## HOW TO COMPLETE THIS TASK
Print exactly the lines from the one that contains "Sticker Rond Mandala" through the final line of the entries below, both included, and nothing else; omit the pictures.

######

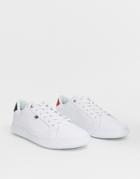 Tommy Hilfiger Essential Leather Icon Logo Sneaker In White - White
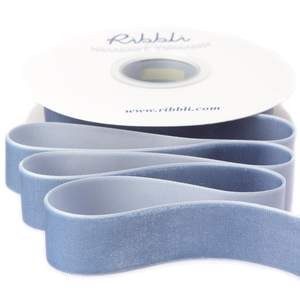 Ribbli Dusty Blue Velvet Ribbon 1 Inches Continuous10 Yard Spool Blue Christmas Ribbon for Gift Wrapping Craft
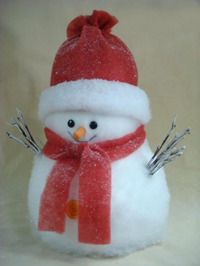 TLN1392   Декорация   Снеговик улыбается, в красной шапочке и шарфике из двух снежков большой   Н*L*W=30*50*30
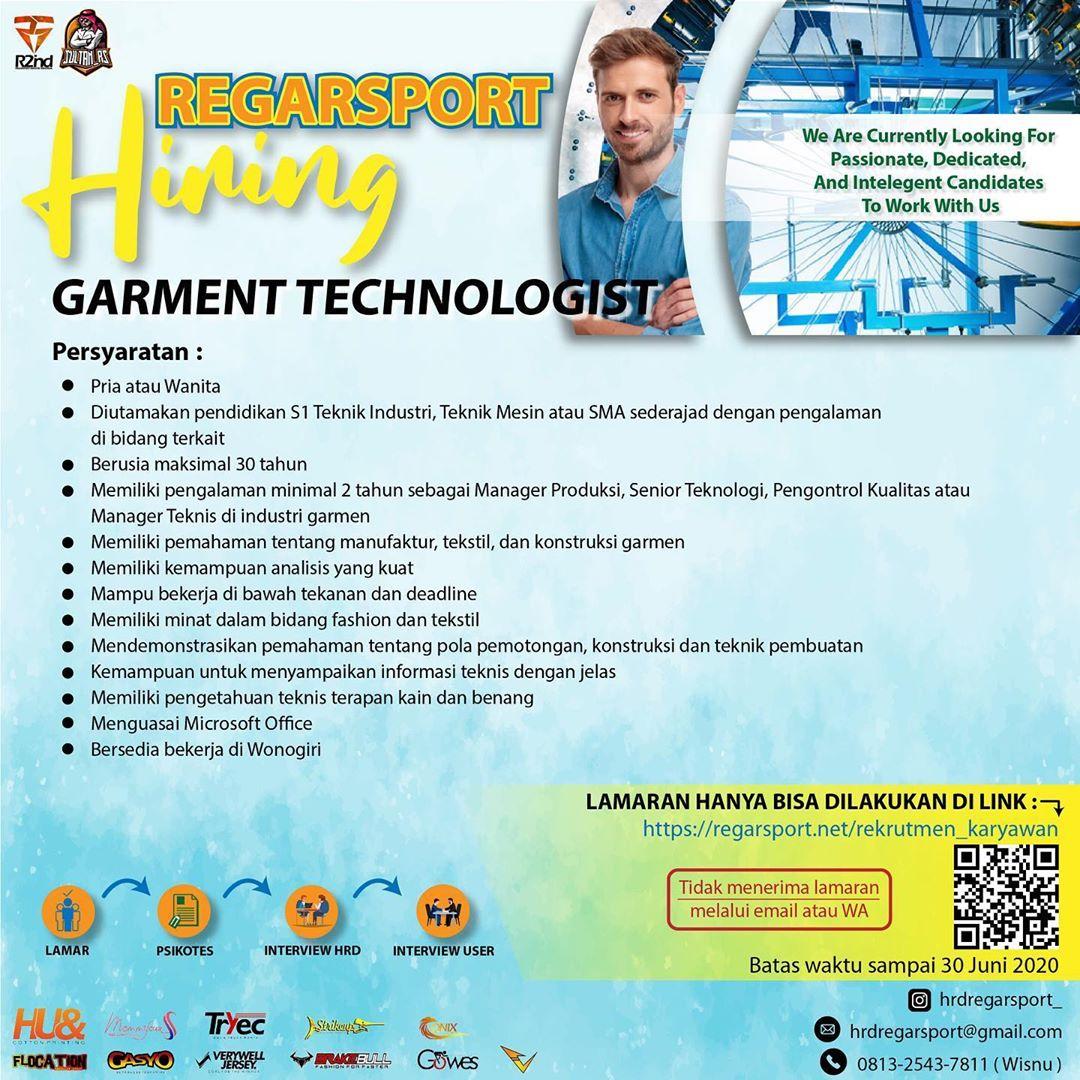 Lowongan Kerja 2020 Garment Technologist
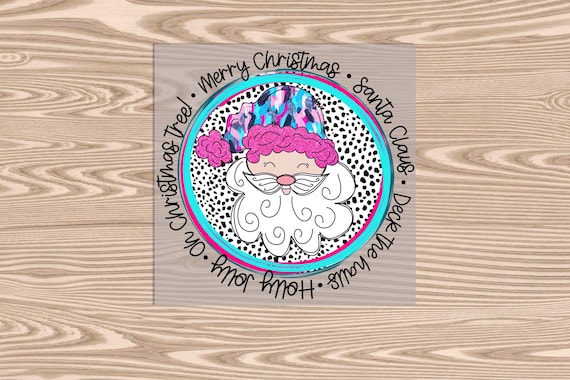 Ready to Press, Santa Claus Circle Dots, Merry Christmas, heat transfer print, DTF Transfer Print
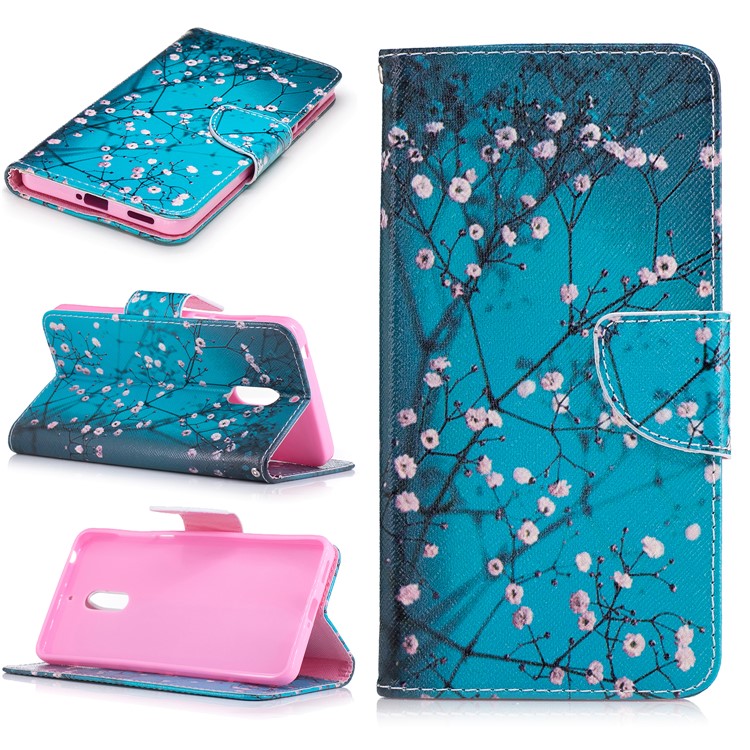Pattern Printing Leather Card Holder Case for Nokia 6 - Tree with Flowers-1
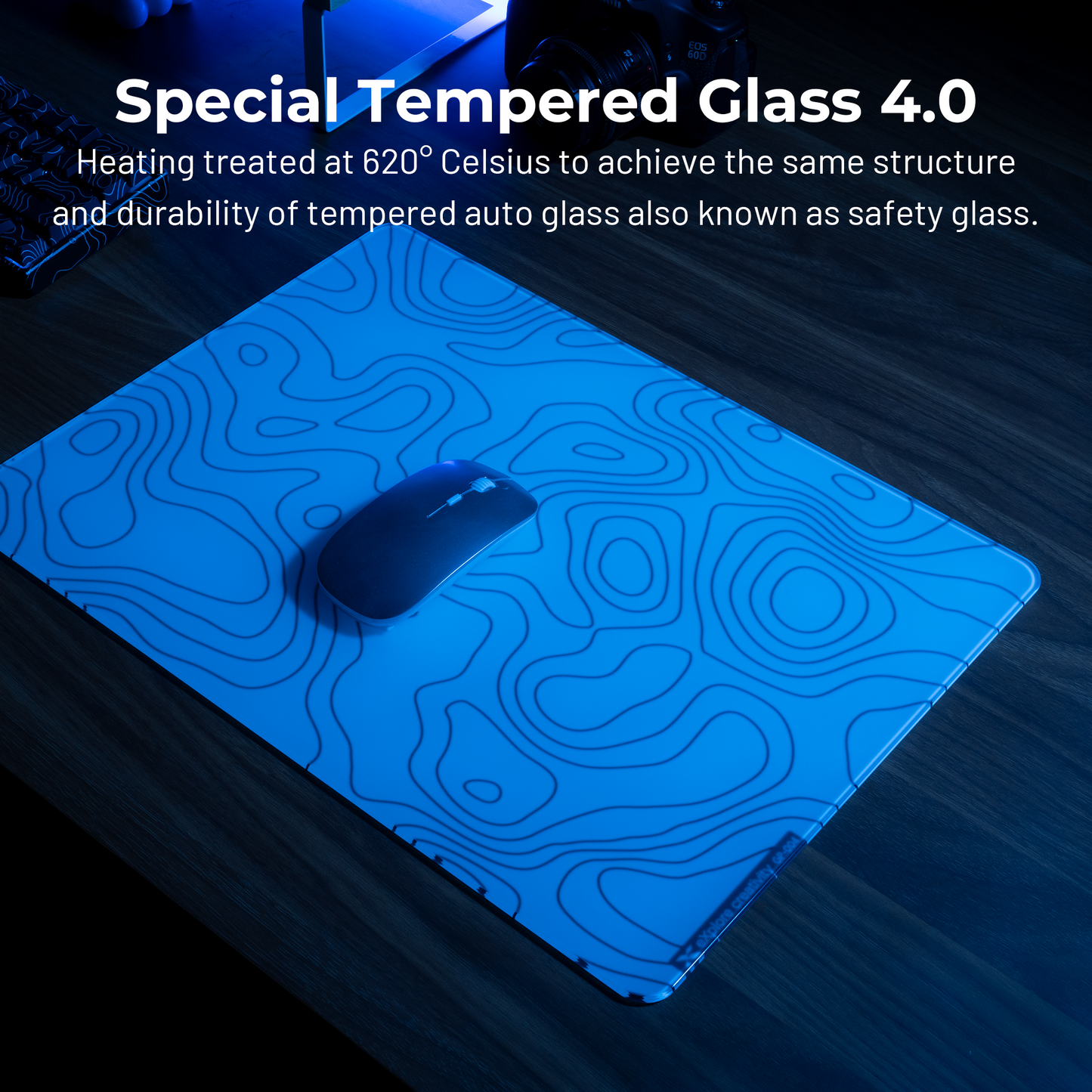 XVX Space Pad Glass Gaming Mouse Pad with Anti-Slip Rubber Base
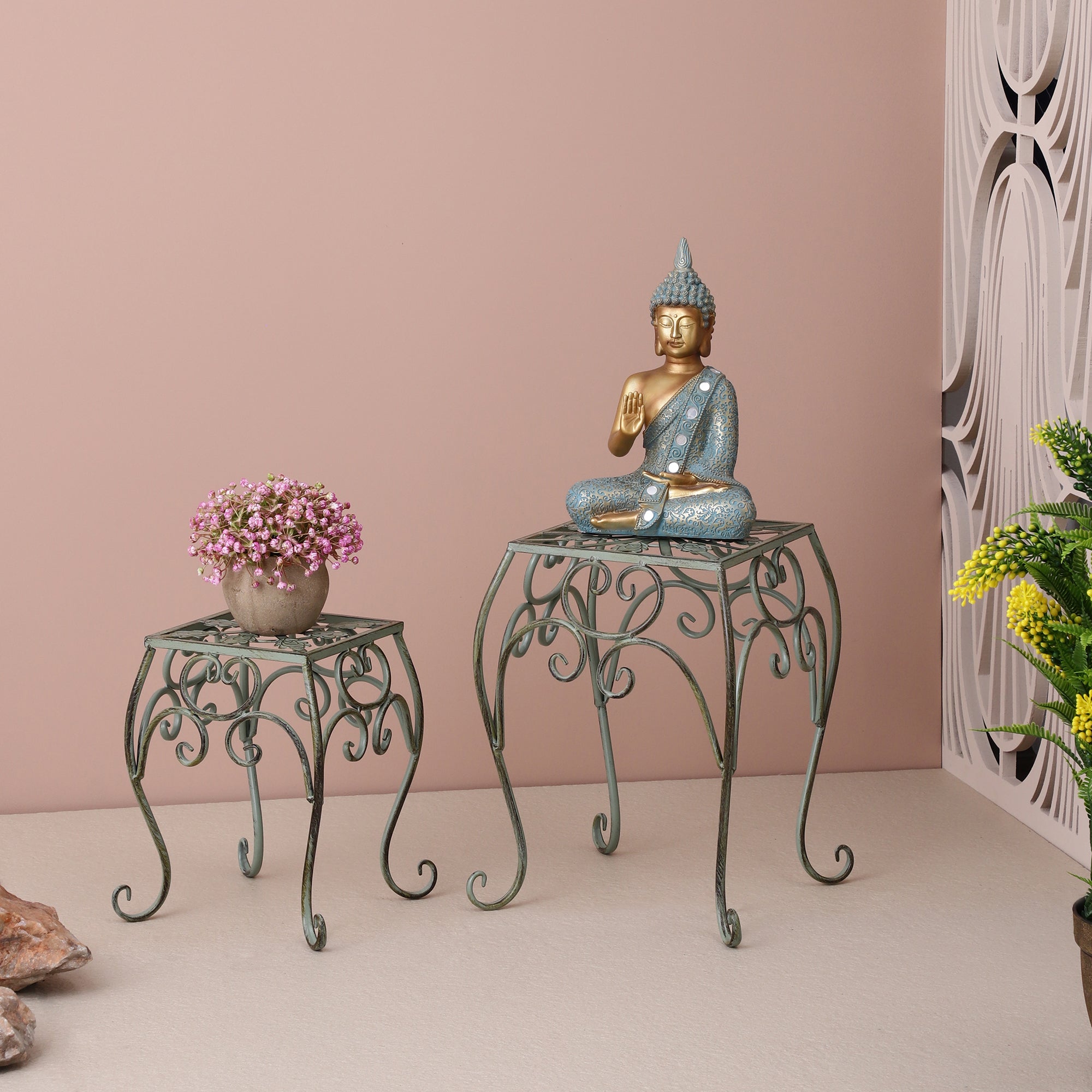 Olive Garden Square Decorative Short Tables (Set of 2)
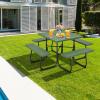 Giantex Picnic Table Set for Up to 8 Persons, Round Outdoor Table and Bench Set with Umbrella Hole, HDPE Top & Metal Frame, 2000LBS Capacity, Patio Table Bench for Deck Backyard Garden (Green)(Green)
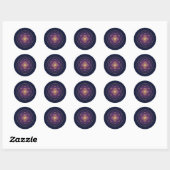 Sticker Rond Mandala Doré Céleste — Équilibre dans l'Infini (Feuille)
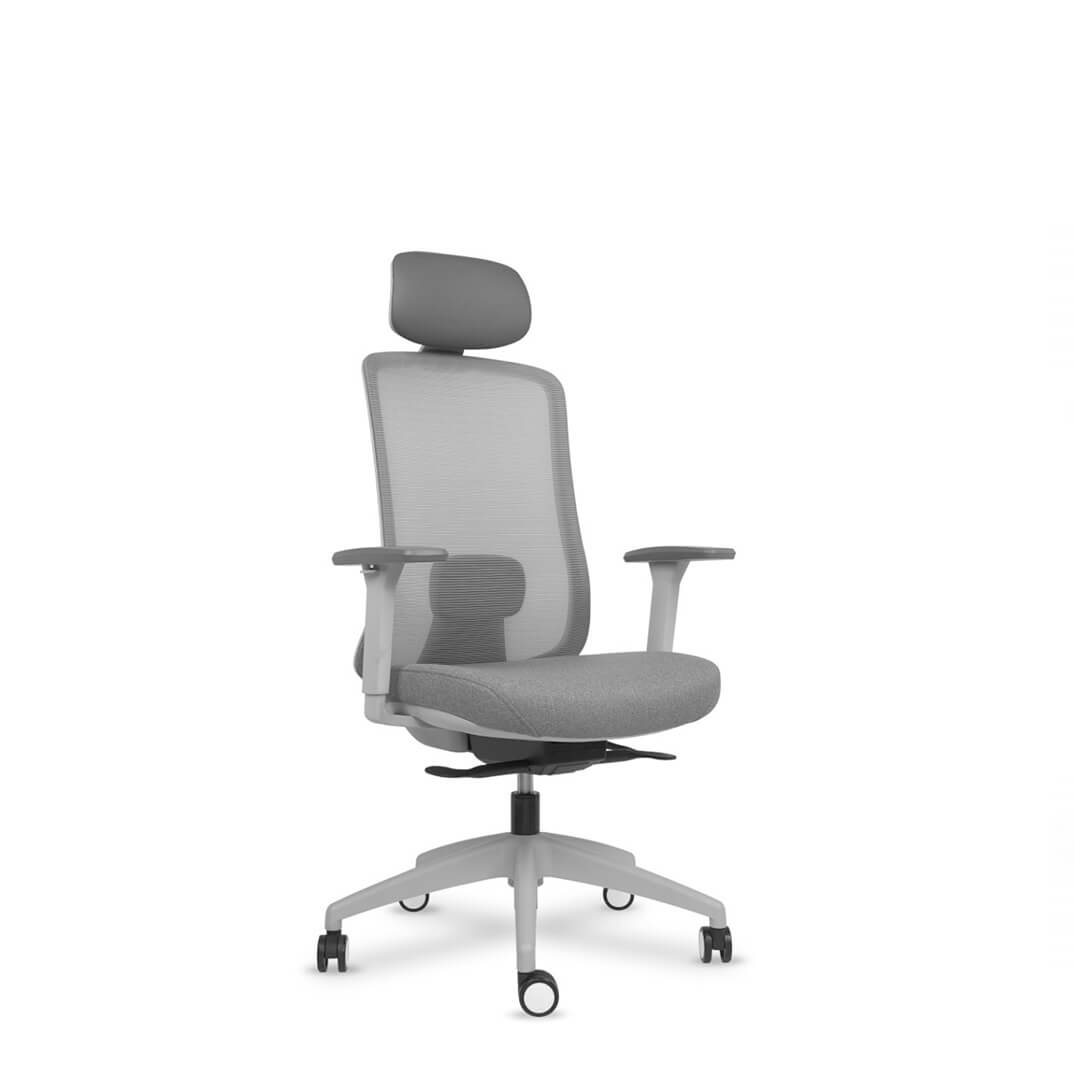 Silla LANDO gris con brazos y cabezal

######

## ANSWER SECTION
 Sticker Rond Mandala Doré Céleste — Équilibre dans l'Infini (Feuille)
 Silla LANDO gris con brazos y cabezal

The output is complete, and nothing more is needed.